I ricercatori hanno mappato le reti di coerenza intrinseca in ogni soggetto su diagrammi di connettività neurale. Confrontando questi dati sono emerse diverse “catene”, gruppi di regioni cerebrali che sono state ripetutamente sincronizzate a frequenze specifiche.

Una di queste “catene” era altamente attiva e coordinata in 13 partecipanti, i quali avevano anche ottenuto punteggi particolarmente elevati in una valutazione psicologica relativa all’ansia di base, condotta prima dell’inizio dello studio.

In questi stessi individui, i cambiamenti nell’attività di questa rete cerebrale erano anche altamente correlati con gli attacchi giornalieri di ansia di depressione o di umore basso.

Questa rete, correlata con ansia e depressione, era caratterizzata da onde beta – oscillazioni sincronizzate tra 13 e 30 cicli al secondo – nell’ippocampo e nell’amigdala, due regioni del cervello profondo che sono state a lungo legate, rispettivamente, alla memoria e alle emozioni negative.

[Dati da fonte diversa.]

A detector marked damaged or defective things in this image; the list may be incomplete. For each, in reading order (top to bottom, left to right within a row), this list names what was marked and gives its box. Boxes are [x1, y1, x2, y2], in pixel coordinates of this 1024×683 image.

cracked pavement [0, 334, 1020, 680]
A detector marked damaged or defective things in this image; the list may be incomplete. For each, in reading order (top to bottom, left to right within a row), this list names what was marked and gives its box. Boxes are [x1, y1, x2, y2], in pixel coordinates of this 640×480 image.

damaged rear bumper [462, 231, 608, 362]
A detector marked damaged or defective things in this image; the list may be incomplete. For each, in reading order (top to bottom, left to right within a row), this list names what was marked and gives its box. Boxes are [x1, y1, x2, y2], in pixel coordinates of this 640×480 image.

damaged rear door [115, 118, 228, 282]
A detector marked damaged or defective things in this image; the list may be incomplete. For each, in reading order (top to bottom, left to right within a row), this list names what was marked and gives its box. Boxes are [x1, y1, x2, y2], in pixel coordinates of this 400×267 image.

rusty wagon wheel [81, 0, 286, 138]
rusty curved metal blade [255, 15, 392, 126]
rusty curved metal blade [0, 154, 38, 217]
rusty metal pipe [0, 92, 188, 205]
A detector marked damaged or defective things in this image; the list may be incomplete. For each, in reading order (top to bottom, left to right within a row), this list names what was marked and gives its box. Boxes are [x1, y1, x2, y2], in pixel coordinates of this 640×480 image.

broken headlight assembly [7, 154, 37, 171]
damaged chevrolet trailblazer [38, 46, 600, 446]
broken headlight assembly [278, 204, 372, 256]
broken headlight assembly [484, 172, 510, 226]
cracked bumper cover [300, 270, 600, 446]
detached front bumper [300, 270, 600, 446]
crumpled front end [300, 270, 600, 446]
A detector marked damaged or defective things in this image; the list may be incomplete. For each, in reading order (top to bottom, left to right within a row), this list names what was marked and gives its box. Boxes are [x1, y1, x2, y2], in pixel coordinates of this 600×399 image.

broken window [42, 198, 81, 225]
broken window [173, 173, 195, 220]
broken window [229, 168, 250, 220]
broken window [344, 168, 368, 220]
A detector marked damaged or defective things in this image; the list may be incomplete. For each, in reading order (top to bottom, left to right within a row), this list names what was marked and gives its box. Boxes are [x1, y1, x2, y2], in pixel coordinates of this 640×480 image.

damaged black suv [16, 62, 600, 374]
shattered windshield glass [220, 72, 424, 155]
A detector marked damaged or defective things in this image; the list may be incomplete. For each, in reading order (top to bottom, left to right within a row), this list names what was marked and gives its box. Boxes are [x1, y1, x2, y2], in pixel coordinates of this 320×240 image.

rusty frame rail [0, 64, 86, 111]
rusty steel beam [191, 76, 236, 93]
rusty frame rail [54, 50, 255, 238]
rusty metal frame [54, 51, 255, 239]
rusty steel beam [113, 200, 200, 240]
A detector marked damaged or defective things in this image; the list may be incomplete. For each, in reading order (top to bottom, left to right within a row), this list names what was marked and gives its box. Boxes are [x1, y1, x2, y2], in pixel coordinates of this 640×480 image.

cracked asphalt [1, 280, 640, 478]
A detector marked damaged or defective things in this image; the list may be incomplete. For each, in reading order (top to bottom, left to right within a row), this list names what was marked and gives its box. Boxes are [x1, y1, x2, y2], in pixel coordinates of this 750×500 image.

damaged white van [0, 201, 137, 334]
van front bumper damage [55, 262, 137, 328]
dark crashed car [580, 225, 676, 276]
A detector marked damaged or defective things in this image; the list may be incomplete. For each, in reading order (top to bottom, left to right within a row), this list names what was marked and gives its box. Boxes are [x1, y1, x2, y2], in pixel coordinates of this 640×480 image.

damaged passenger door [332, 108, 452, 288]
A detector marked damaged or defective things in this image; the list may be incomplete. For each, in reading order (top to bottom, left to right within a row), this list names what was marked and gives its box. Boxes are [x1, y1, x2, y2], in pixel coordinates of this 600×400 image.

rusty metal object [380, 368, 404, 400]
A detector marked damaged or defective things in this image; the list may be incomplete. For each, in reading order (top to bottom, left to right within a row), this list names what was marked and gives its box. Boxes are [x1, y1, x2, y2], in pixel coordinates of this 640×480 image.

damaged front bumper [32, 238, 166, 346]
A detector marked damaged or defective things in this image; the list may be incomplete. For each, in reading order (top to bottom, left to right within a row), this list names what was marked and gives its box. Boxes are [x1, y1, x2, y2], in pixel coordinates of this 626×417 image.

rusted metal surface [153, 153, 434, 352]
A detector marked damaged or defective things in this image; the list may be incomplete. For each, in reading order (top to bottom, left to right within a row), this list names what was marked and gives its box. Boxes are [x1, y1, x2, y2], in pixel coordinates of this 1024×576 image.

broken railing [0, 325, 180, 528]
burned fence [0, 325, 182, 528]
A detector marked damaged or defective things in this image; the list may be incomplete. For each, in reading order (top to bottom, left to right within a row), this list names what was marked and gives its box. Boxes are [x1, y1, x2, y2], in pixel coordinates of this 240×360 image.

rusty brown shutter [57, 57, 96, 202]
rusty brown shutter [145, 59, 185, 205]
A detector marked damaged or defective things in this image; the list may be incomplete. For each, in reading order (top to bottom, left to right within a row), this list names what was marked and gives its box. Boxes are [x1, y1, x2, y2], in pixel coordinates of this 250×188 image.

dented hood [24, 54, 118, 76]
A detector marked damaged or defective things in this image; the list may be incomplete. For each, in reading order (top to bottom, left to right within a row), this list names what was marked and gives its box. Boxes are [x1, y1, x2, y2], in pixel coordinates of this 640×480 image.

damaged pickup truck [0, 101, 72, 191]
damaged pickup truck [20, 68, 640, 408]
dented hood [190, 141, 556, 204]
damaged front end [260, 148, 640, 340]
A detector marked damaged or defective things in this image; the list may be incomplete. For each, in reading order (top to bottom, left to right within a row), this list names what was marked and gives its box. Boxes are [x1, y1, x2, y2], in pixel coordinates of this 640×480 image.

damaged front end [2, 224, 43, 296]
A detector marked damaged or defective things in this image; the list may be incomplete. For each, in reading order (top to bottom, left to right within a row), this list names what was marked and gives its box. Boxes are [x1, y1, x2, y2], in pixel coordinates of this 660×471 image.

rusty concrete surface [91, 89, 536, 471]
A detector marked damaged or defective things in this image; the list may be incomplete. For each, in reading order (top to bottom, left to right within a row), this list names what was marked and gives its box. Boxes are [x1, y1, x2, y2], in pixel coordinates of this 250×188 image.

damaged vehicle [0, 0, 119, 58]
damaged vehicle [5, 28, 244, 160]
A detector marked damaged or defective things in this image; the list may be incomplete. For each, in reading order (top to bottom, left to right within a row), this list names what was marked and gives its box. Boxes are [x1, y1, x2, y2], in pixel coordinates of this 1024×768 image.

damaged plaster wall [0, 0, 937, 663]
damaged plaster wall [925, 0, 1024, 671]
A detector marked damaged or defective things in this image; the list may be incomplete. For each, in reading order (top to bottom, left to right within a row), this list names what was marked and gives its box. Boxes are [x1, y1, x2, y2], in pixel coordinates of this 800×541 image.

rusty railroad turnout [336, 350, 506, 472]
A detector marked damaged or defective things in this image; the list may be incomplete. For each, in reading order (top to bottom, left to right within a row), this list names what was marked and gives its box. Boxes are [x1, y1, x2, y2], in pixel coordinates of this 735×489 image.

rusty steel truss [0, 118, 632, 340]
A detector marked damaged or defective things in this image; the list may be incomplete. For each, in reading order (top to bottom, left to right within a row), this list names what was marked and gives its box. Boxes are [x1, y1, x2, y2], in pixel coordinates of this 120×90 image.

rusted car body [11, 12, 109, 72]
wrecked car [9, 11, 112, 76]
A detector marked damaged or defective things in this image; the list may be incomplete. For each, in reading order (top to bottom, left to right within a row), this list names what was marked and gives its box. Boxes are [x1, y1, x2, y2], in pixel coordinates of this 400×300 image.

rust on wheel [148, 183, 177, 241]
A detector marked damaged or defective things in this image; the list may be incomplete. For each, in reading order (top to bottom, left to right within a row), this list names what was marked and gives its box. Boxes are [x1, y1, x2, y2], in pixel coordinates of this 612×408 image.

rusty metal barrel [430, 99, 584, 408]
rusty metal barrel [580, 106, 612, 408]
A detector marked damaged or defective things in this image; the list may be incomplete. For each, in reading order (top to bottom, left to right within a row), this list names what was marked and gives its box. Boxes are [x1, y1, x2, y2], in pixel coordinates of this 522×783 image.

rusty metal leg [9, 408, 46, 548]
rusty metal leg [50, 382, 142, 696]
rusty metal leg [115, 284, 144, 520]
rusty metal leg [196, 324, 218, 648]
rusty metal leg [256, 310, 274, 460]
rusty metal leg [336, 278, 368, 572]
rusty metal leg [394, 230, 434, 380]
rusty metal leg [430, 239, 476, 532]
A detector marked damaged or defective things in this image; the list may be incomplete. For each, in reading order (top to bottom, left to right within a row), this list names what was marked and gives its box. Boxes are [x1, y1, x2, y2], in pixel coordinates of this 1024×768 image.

Il team di ricerca si è detto “sconcertato” dalla chiarezza del risultato

Sono rimasti sorpresi dall’aver identificato un singolo segnale che, da solo, ha quasi completamente rappresentato gli sbalzi di umore in un gruppo così numeroso di volontari.

L’identificazione di un biomarcatore così fortemente informativo è stata confermato anche dal fatto che era completamente assente in otto partecipanti alla ricerca, tutti caratterizzati da bassi livelli di ansia. Ciò suggerisce che il cervello delle persone inclini all’ansia possa differire da quello degli altri nel modo in cui elabora le situazioni emotive.

Sulla base di ciò che sappiamo di queste strutture cerebrali, i dati suggeriscono che le interazioni tra l’amigdala e l’ippocampo potrebbero essere collegate al recupero di ricordi emotivi negativi e che questo processo di recupero sia particolarmente attivo nelle persone con alti livelli di ansia, il cui umore è conseguentemente soggetto a potenti interferenze da parte di ricordi intrusivi sgradevoli.

Nei soggetti ansiosi o stressati è più probabile che uno stimolo neutro, presente nell’ambiente, abbia il potere (probabilmente come conseguenza di un precedente condizionamento) di attivare i centri di rilevazione delle minacce (amigdala) che a loro volta rendono maggiormente attivo il processo di recupero mnestico (ippocampo) di ogni evento minaccioso vissuto in precedenza al fine di organizzare una strategia di difesa e di protezione dal pericolo (corteccia prefrontale).